Catholic and pro-life advocates were stunned this August when federal health officials announced a new mandate under the 2010 health care reform law requiring virtually all insurers to cover the entire cost of contraceptives and sterilizations as essential “preventive care.” Included among FDA-approved “contraceptives” are early-abortion drugs such as ella, a drug virtually identical to abortion drug RU-486.

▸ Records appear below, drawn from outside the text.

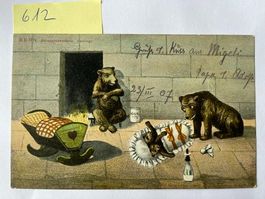 Alte Ansichtskarte Bärenpark Bern Zwillinge, 1907 Stempel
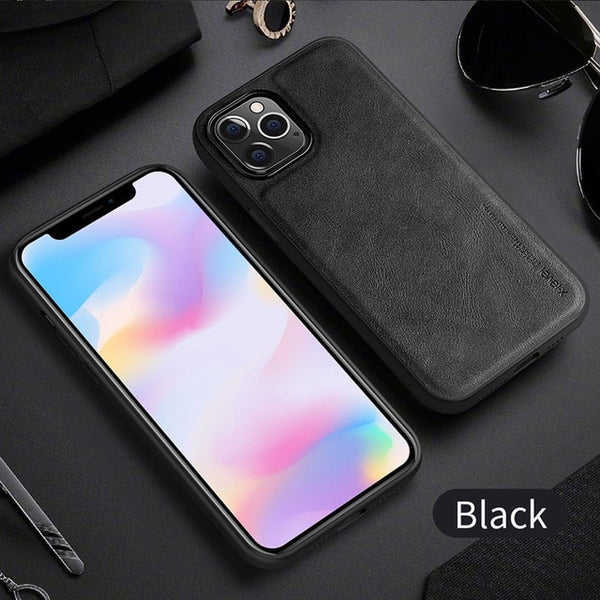 Shockproof Soft Silicone Edge Back Cover PU Leather Waterproof Case For iPhone 12 Series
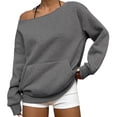 thumbnail image 3 of WAYUTE Sweatshirt for Women Off The Shoulder Sweatshirt Drop Shoulder Long Sleeve Front Pocket Oversized Tunic Top Solid Color Fall Pullover Casual Outdoor,Dark Gray,S, 3 of 6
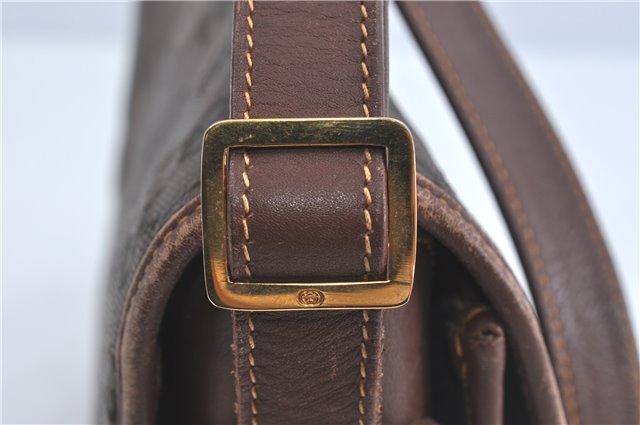 Authentic GUCCI Shoulder Cross Body Bag Purse GG PVC Leather Brown Junk J1921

The mandate’s “religious employer” exemption was limited only to institutions serving primarily members of their own sect, a definition experts called dramatically narrower than any other in the history of federal conscience laws.
In the ensuing comments period, thousands of concerned Catholics were urged to contact the Health and Human Services Department to oppose the narrow conscience protection. The U.S. Conference of Catholic Bishops (USCCB) in August declared that the mandate violated First-Amendment rights to religious freedom, as well as federal law that forbids coercing health providers to perform abortions.
But Robert Pear of the New York Times says that the administration may be reconsidering the narrow exemption, and claimed Obama is even drawing fire from Congressional abortion advocates over the matter. According to Pear, the mandate came up during a meeting of Obama with USCCB president Archbishop Timothy Dolan. Dolan came away from that meeting stating that the president appeared “very open to the sensitivities of the Catholic community.”
The final rule will reportedly be announced shortly.
Abortion advocates such as Planned Parenthood and Emily’s List responded forcefully to the news, urging members to tell Obama not to listen to “ideologues opposed to contraception” who would “take away birth control coverage from millions of women.” By not forcing Catholic employers to pay for birth control, RH Reality Check editor-in-chief Jodi Jacobson warned, Obama would be “trading the health, welfare, autonomy, and economic prospects of millions of women” to “curry favor with a very small minority of male-dominated religious right groups ... which has found that it can not, on its own, force women to become and remain pregnant.”
Meanwhile, pro-life Democrats, who have lately been beleaguered by other pro-life leaders for supporting the federal health care law, say the potential shift shows common sense will win the day.
Democrats for Life of America (DFLA) executive director Kristen Day said that the Obama administration “has no intention” of forcing Catholic institutions to cover birth control.
“The Administration is already unfairly under attack by Catholic conservatives who are using the proposed final rule to spread anti-Obama sentiment to lay Catholics,” said Day in a press release Sunday. “The Administration has no intention of forcing Catholic institutions to provide insurance coverage for services that are directly in opposition to their moral beliefs. It does not make any sense from a public policy perspective and it certainly is not smart politically to alienate Catholic voters.”
DFLA notes that the health care bill itself calls for the contraceptive mandate, but proposed to allow employers opposing “certain types of birth control,” such as abortifacient drugs, to be exempt.
Former Pennsylvania Congresswoman Kathy Dahlkemper (D-PA), who lost her seat in the tidal wave of Democrat House losses after she voted for the bill, said she “would have never voted for the final version of the bill if I expected the Obama Administration to force Catholic hospitals and Catholic colleges and universities to pay for contraception.” “I trust that the President will honor the commitment he made to those of us who supported final passage,” she added.